A keen interest in the philosophy of the Middle Ages is not uncommon today, even among philosophers; and it has, fortunately, been prepared and nourished by a great deal of purely historical research. For half a century now historical scholarship, sometimes quickened by a more or less philosophical motive, has been busy with the great Schoolmen—with Aquinas and Bonaventure, Scotus and Siger—and with the cultural epoch which both fed them and was formed by them. A vast amount of manuscript material has been systematically sifted, and an immense network of developments and influences, especially in the thirteenth-century field, has been explored and elucidated. All this has naturally affected the study of Dante; and yet not as much perhaps as one might have expected. For the nineteenth-century cult of Dante—of which we are the heirs—was already active and productive long before the modern historical study of his scholastic background really got under way. Nor has this study fully caught up yet with contemporary work on the poet. Despite the spade-work of Bruno Nardi, Busnelli and others, and the brilliant essay of Gilson, there is still no commentary on the Divine Comedy that would satisfy a specialist in medieval philosophy or theology.

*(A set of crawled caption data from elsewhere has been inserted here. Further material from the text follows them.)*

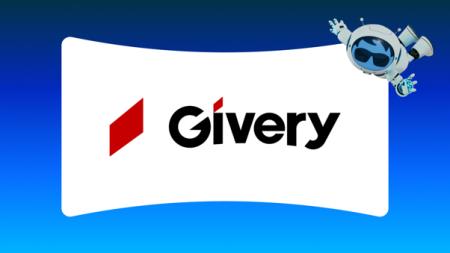 ギブリー、SalesforceのAI・データ基盤を全面導入し、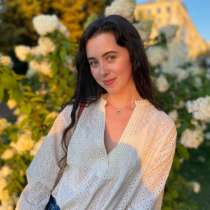 Онлайн репетитор по английскому языку, в Санкт-Петербурге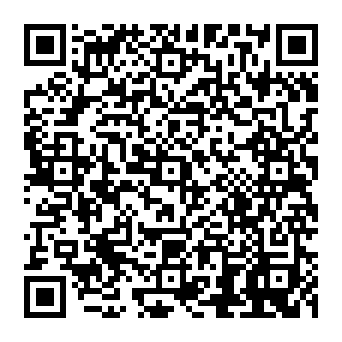QR 4a7bf35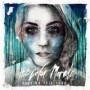 COLOR MORALE
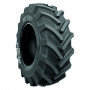 Pneu agro industriel BKT 460/70R24 (17.5LR24) AGRO IND RT747 159A8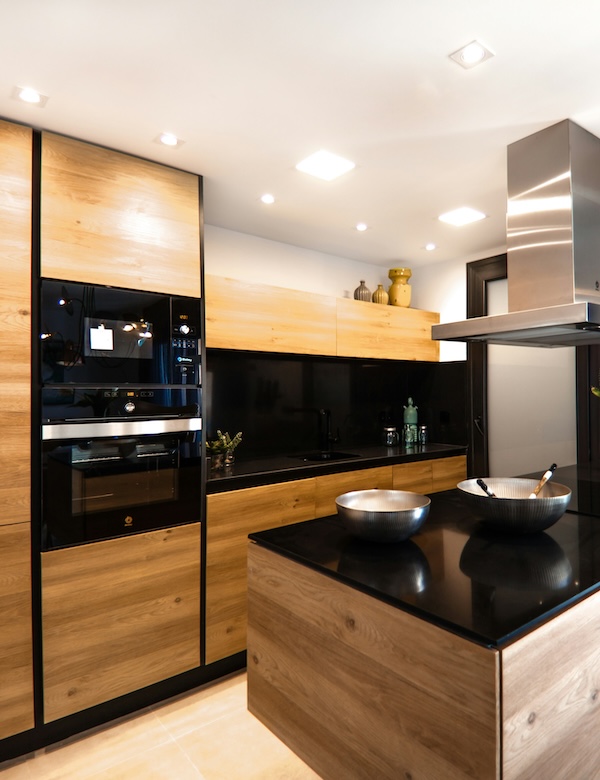 Renovation Gallery 04 Windermere BC by Top Cut Interiors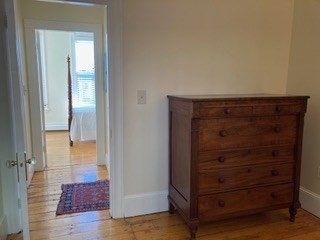 373 Somerville Avenue Unit: D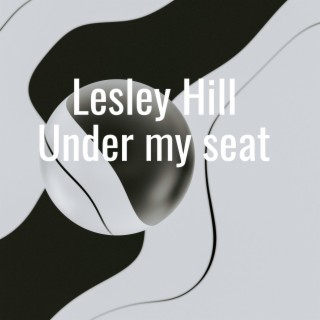 Under My Seat
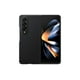 thumbnail image 1 of Funda Samsung Galaxy Z Fold4 Negra, 1 of 3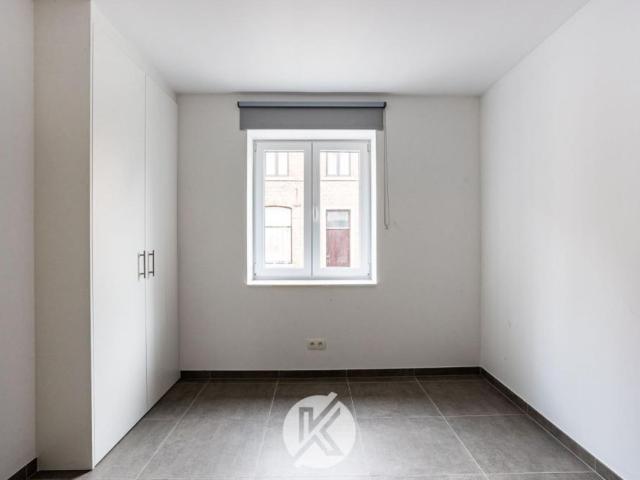 Huis te huur in Sint Lievens Esse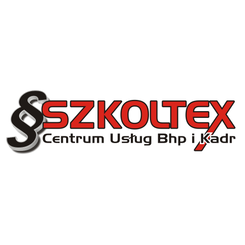 "SZKOLTEX" Daniel Sochacki Lublin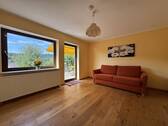Wohnbereich UG - 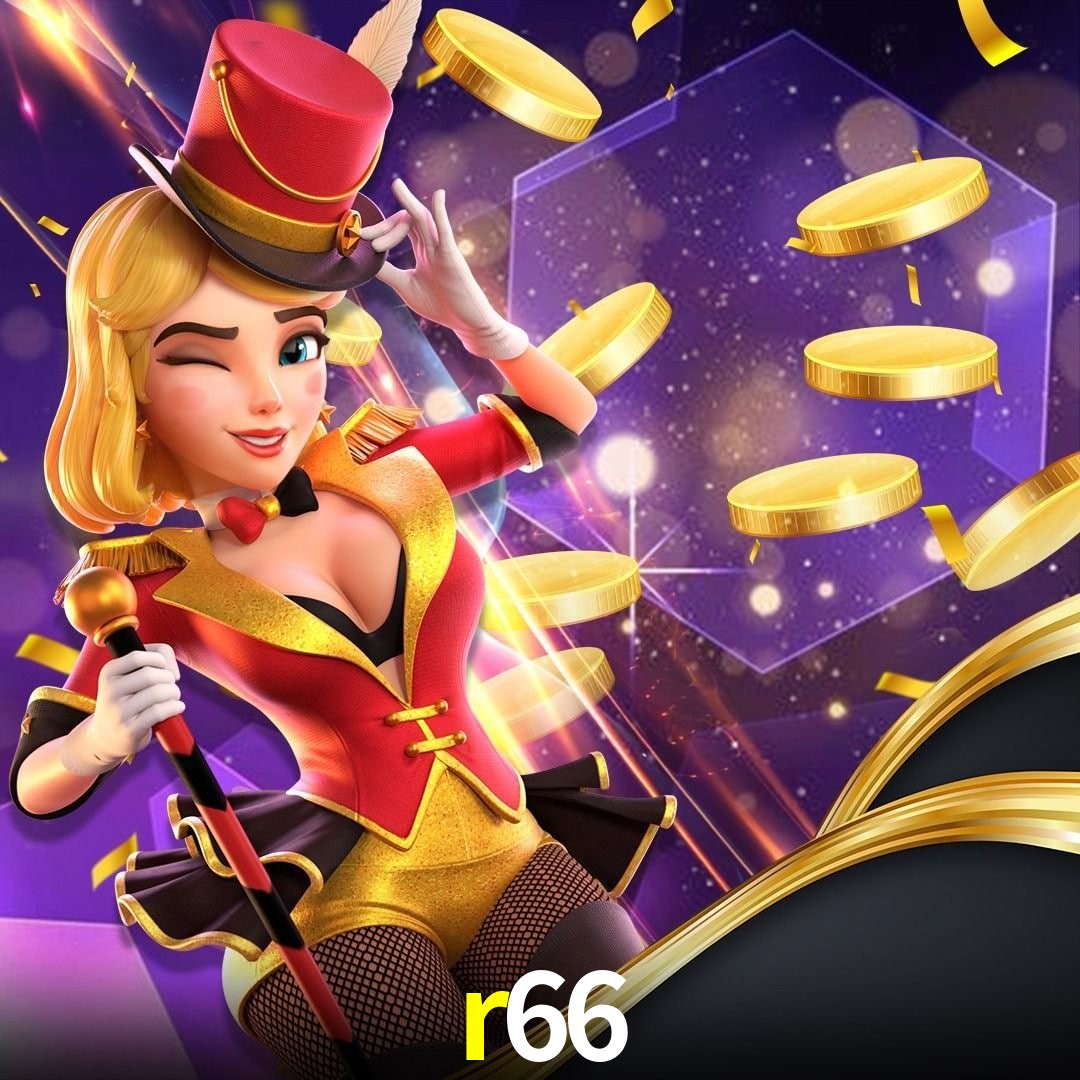 Crash Games Strategies r66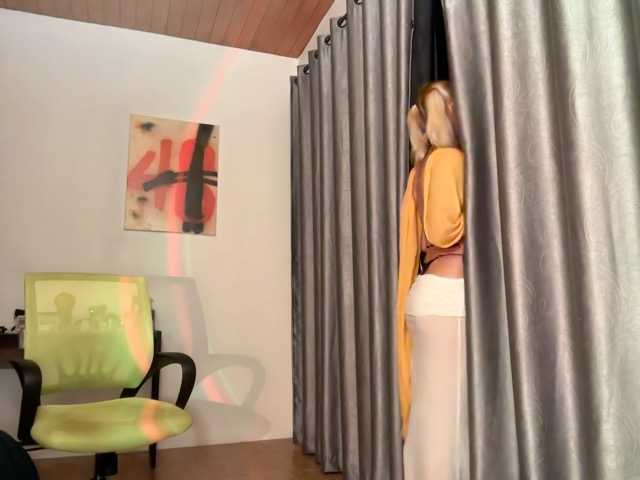 Paulinaa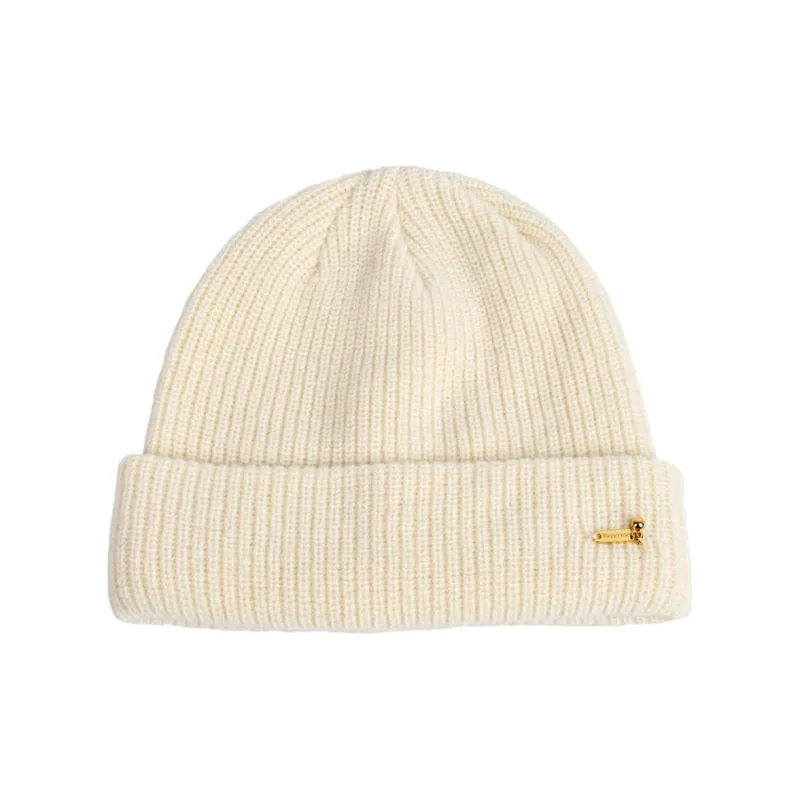 KENMONT Beanies Women's-2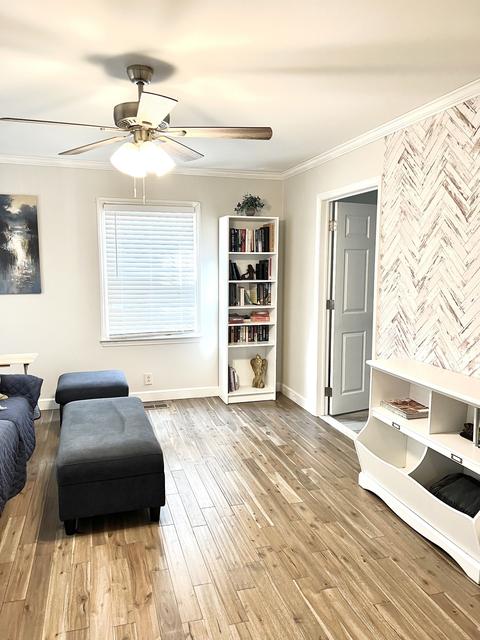 218 Crescent Rd, Murfreesboro, TN 37128 photo 8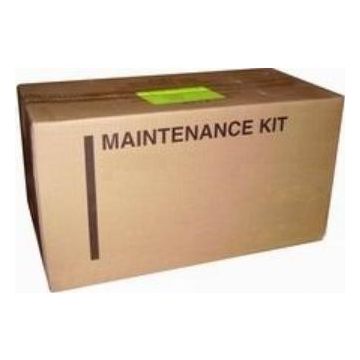 KYOCERA Kit maintenance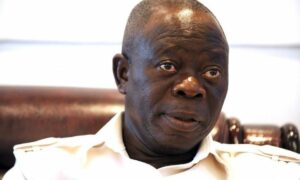 Oshiomhole-1050×630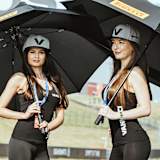 Wer gewinnt in Schleiz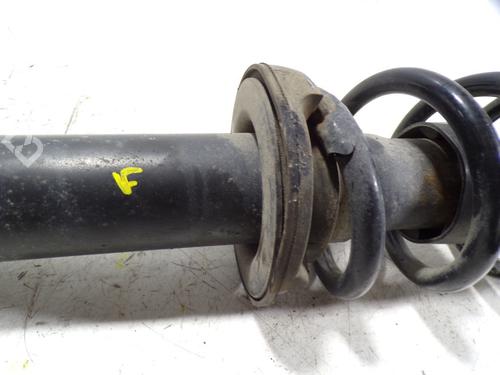 Left rear shock absorber BMW 5 (F10) 530 d xDrive | BP8224550M18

Such specialists are doubtless inclined to overrate their own importance; yet, certainly, Dante's poetry and the scholastic formation of his mind are so closely interrelated that either aspect of his personality may lead one into the other, and indeed must do so (I should say) for any but the superficial reader; and this even apart from those general questions about the relation of poetry to abstract thought to which the study of the Comedy tends to give rise.